Dans le débat sur la transition écologique, la voix de Cynthia Fleury bouscule un récit trop souvent réduit aux courbes de CO₂ et aux indicateurs de croissance. La philosophe rappelle une évidence qu’on préfère éviter : pendant des décennies, nos démocraties se sont construites sur un État social carboné, financé par l’abondance d’énergies fossiles et une logique de prédation silencieuse. Santé, protection sociale, éducation de masse, droits effectifs : tout cela a été rendu possible par un pacte implicite entre croissance et justice sociale, dont le coût réel a été délégué à la planète et aux générations suivantes. Désormais, la donne matérielle change, et avec elle la stabilité des régimes démocratiques eux-mêmes.

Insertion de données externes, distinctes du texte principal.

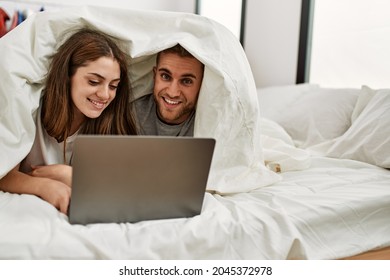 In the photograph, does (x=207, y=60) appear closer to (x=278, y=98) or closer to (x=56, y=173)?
(x=56, y=173)

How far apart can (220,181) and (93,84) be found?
1.43 ft

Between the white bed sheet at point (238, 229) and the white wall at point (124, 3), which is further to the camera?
the white wall at point (124, 3)

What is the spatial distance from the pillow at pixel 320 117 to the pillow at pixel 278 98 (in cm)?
7

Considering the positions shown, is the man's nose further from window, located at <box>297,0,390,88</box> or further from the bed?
window, located at <box>297,0,390,88</box>

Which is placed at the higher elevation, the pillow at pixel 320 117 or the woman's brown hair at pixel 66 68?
the woman's brown hair at pixel 66 68

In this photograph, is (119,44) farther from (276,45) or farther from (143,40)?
(276,45)

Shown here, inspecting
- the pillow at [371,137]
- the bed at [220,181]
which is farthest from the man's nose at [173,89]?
the pillow at [371,137]

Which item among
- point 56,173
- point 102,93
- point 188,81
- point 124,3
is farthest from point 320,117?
point 124,3

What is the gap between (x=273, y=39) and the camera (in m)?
2.77

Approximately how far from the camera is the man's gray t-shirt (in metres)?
1.34

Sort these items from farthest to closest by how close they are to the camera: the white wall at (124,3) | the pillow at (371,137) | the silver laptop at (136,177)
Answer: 1. the white wall at (124,3)
2. the pillow at (371,137)
3. the silver laptop at (136,177)

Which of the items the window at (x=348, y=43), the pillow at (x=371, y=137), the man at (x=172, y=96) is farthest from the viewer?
the window at (x=348, y=43)

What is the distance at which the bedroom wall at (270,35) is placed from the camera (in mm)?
2602

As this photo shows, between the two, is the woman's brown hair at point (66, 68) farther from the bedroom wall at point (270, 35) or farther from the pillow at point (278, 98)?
the bedroom wall at point (270, 35)
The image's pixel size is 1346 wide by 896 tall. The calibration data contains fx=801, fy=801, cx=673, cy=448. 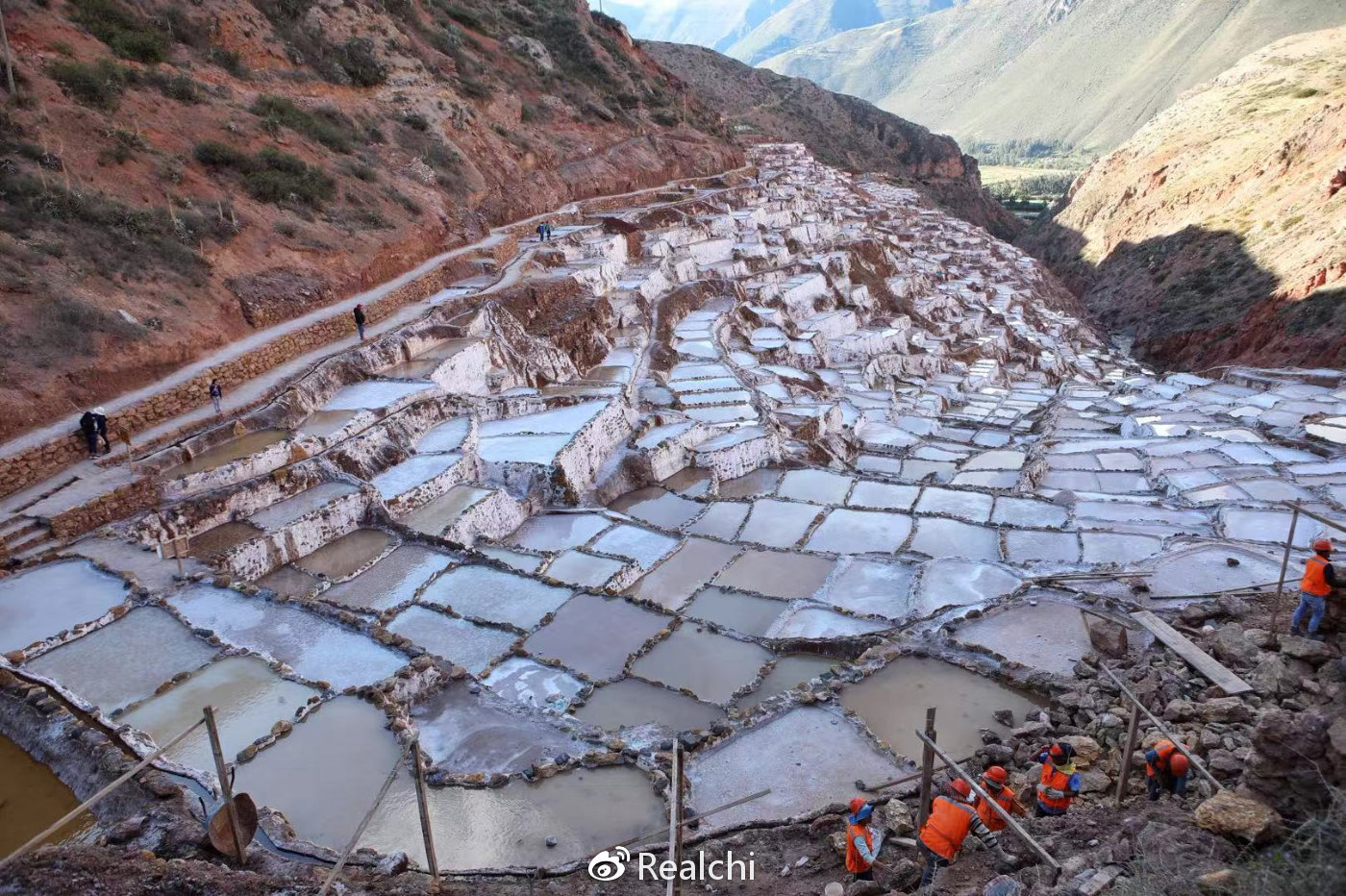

Ce tournant ouvre une tension redoutable : préserver le modèle hérité revient à miner les conditions physiques de la démocratie, tandis que le transformer expose à fragiliser les systèmes de solidarité que nous avons mis des décennies à bâtir. Fleury pose alors l’enjeu dans des termes clairs : comment faire en sorte que cette transition sociale et écologique ne se traduise pas par une nouvelle pénalisation des plus vulnérables ? Comment éviter que les “modes dégradés” de nos services publics et de nos institutions ne deviennent, pour certains, des modes de vie durablement dégradants ? En filigrane, c’est la question des droits humains, de l’éthique du soin et de la solidarité qui se joue : inventer des formes politiques capables de traverser la rareté sans basculer dans l’abandon ou le cynisme, et maintenir un contrat social humaniste alors même que les contraintes matérielles se durcissent.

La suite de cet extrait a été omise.